Task statement. Using the material below, print a verbatim copy of every line from the one containing "(bilde for) PANDORA" through the one containing "룸으로 예약해서 아늑하고", inclusive, and omit the pictures.
[[ Exercise input, beginning ]]
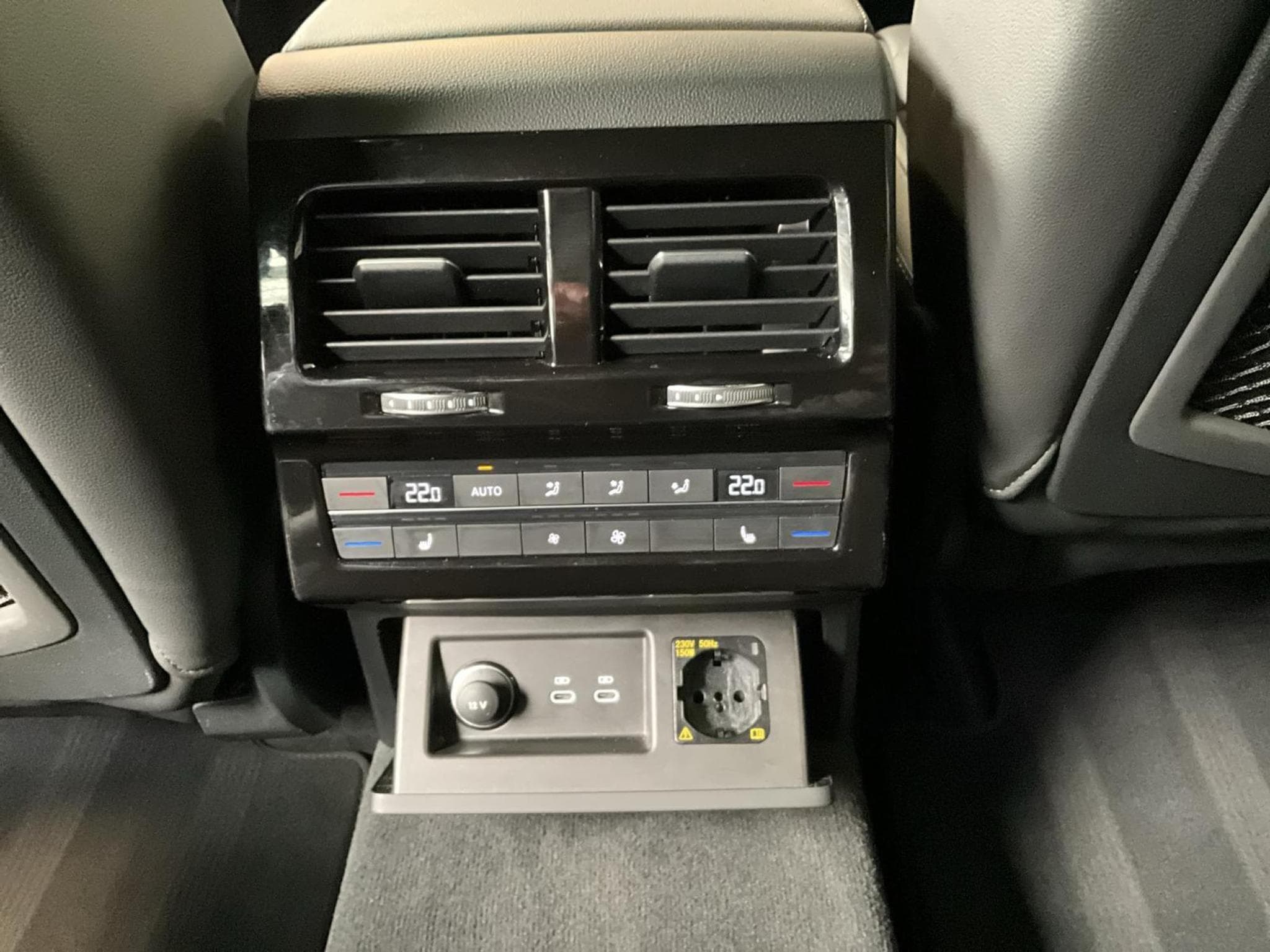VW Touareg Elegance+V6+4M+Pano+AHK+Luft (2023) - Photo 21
[[ Exercise input, end ]]
[[ Exercise input, beginning ]]
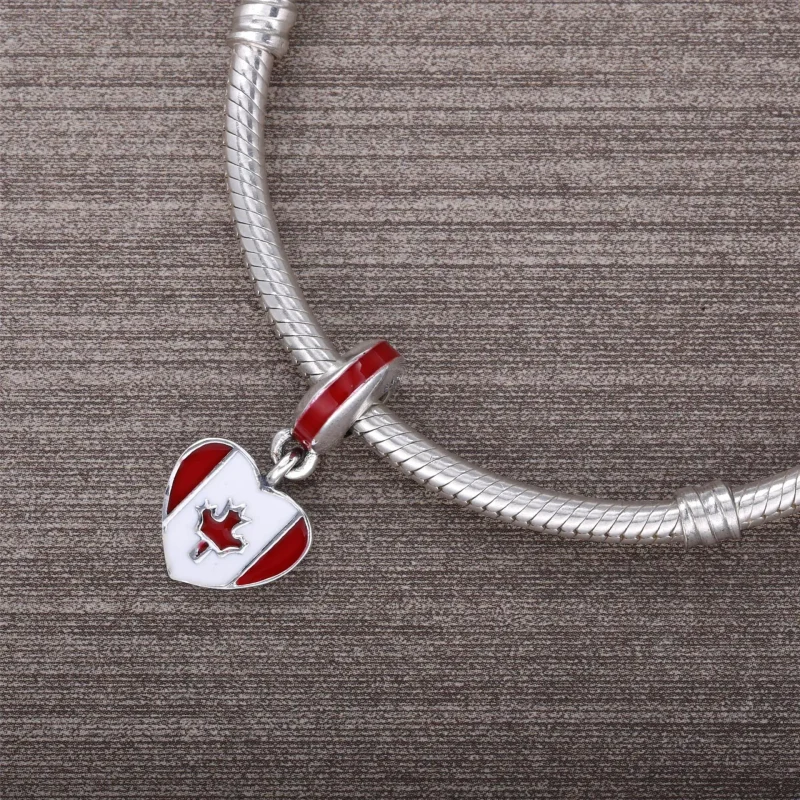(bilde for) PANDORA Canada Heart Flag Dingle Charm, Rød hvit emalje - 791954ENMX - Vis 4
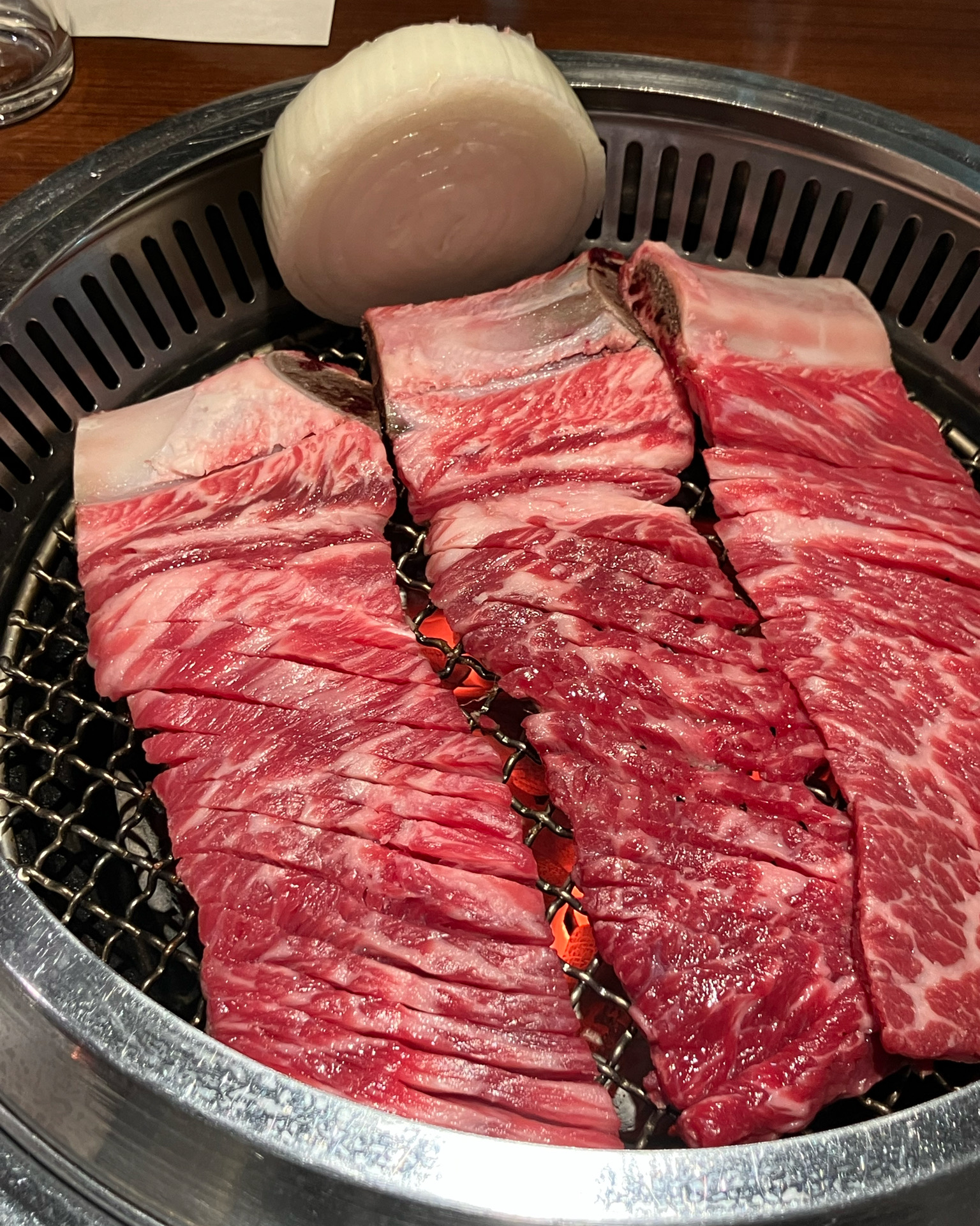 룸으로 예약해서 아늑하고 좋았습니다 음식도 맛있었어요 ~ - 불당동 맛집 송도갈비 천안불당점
[[ Exercise input, end ]]
[[ Exercise input, beginning ]]
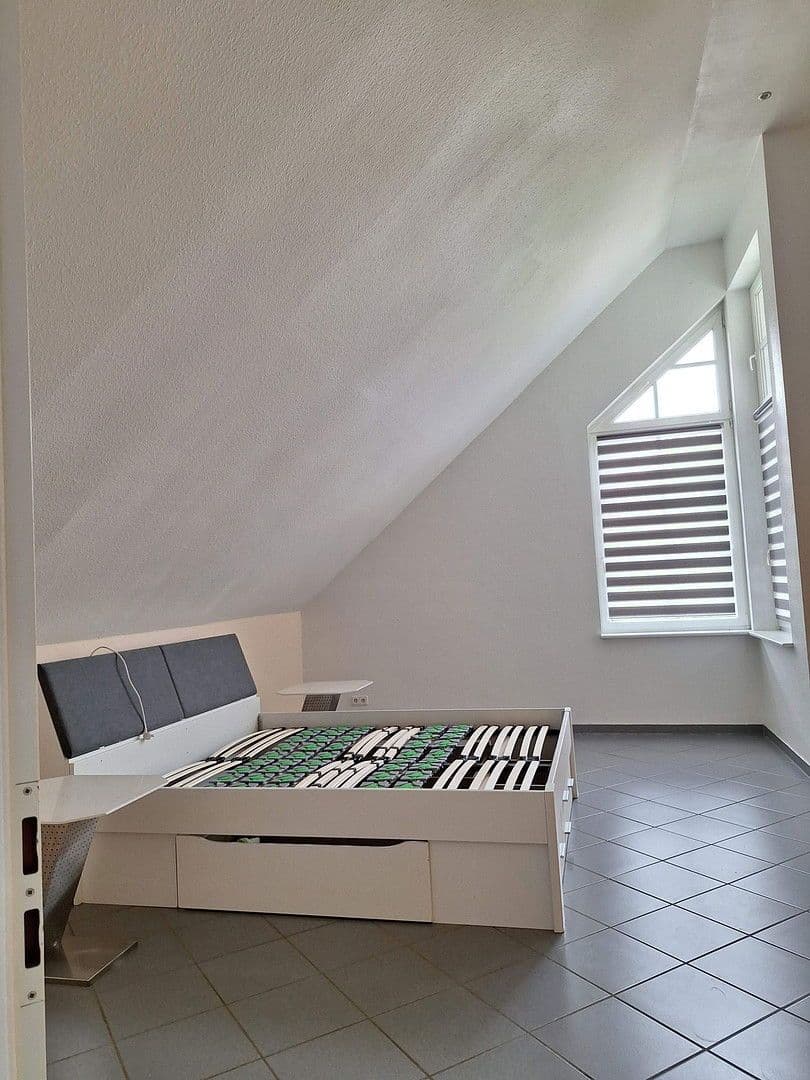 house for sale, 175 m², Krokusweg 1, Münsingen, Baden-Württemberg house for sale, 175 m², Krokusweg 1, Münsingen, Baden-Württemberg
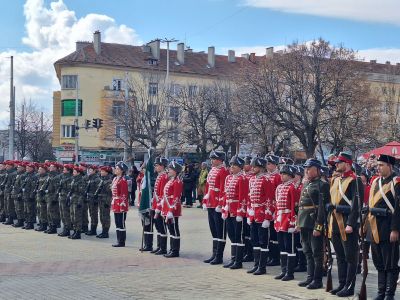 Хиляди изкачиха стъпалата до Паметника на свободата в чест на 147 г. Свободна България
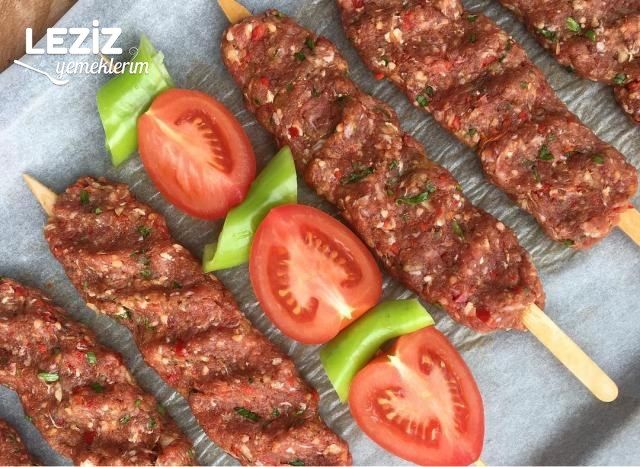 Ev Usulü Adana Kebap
[[ Exercise input, end ]]
Final answer.
(bilde for) PANDORA Canada Heart Flag Dingle Charm, Rød hvit emalje - 791954ENMX - Vis 4
 룸으로 예약해서 아늑하고 좋았습니다 음식도 맛있었어요 ~ - 불당동 맛집 송도갈비 천안불당점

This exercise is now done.